> SOURCE DATA:
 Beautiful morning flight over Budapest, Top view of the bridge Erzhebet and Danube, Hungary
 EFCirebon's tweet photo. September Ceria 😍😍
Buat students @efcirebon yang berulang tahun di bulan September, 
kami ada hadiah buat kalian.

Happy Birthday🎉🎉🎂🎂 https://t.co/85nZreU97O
==
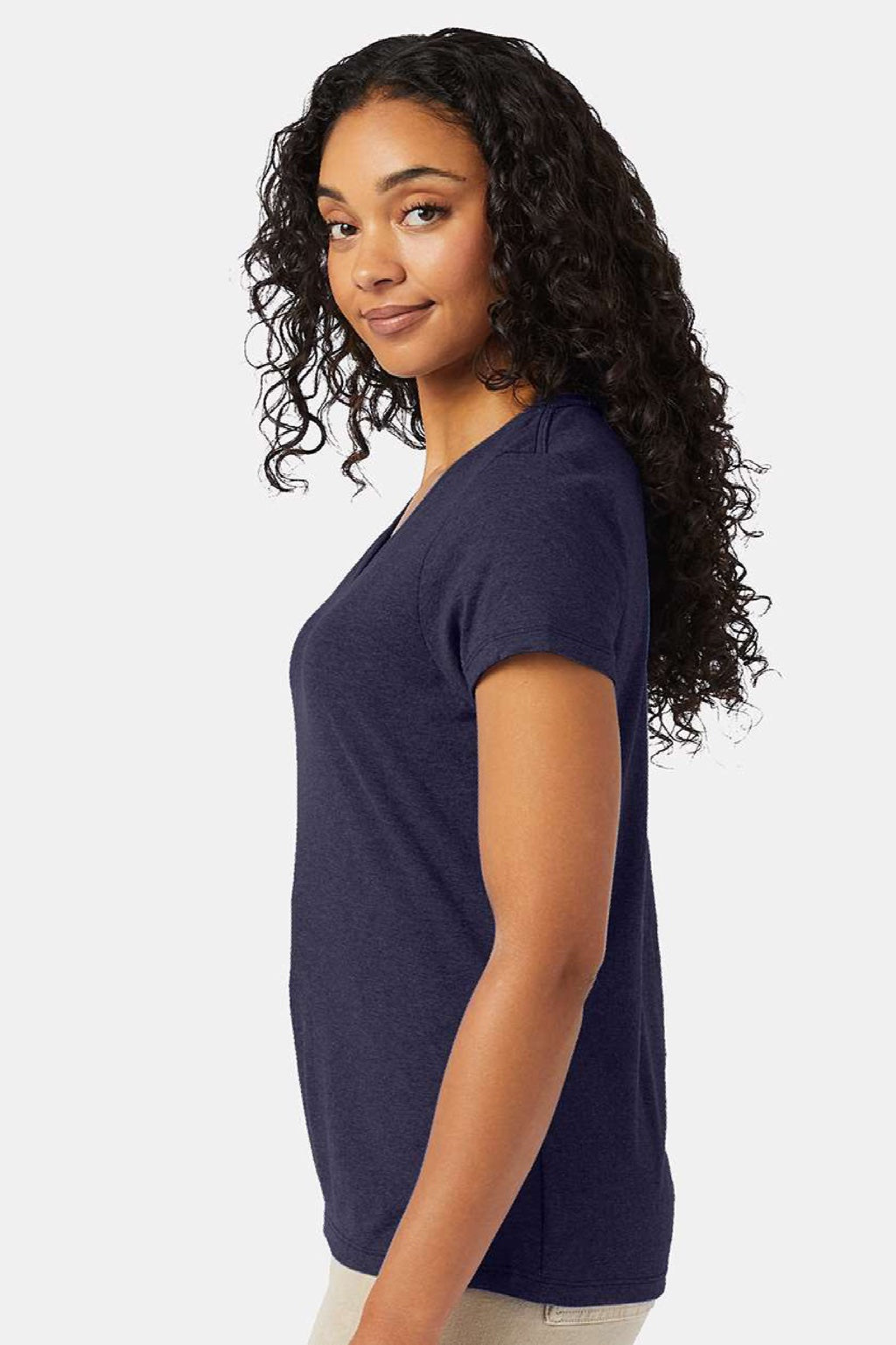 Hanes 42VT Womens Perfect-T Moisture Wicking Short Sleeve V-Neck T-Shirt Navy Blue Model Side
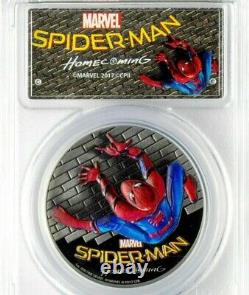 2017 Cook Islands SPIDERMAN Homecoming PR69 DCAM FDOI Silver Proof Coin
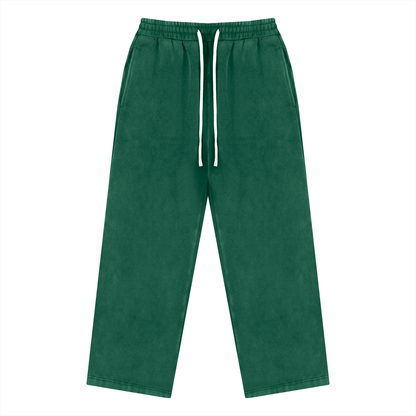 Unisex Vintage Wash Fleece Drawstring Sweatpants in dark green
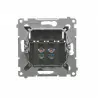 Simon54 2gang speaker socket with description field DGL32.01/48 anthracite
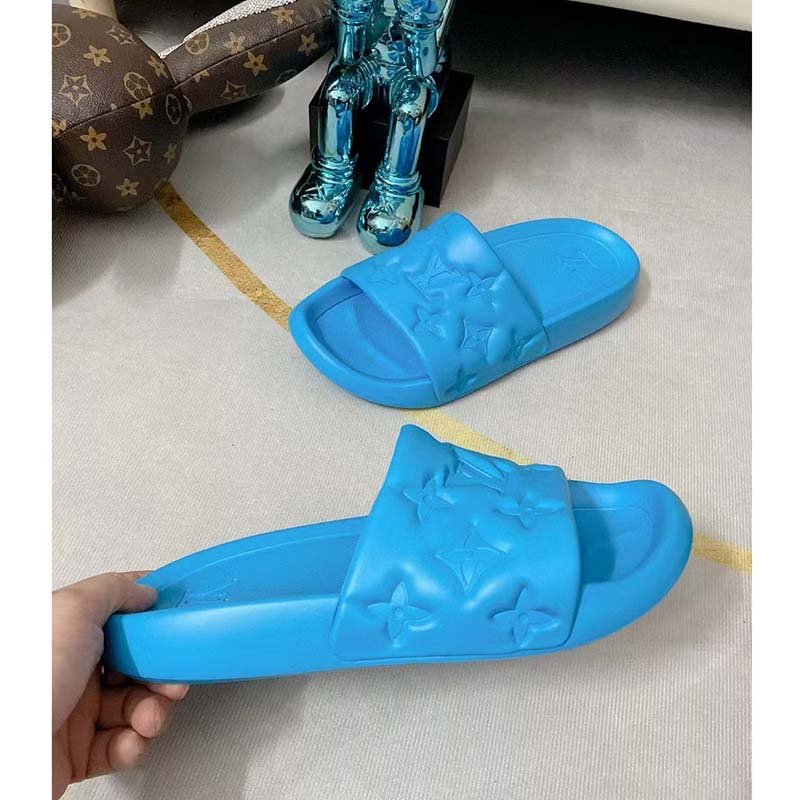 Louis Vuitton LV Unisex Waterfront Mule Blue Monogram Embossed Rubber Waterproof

> WHAT YOU ARE ASKED TO DO: Reply with one number, the count of lines in the preceding listing that hold the string "September".

> RESPONSE TO THE TASK: 2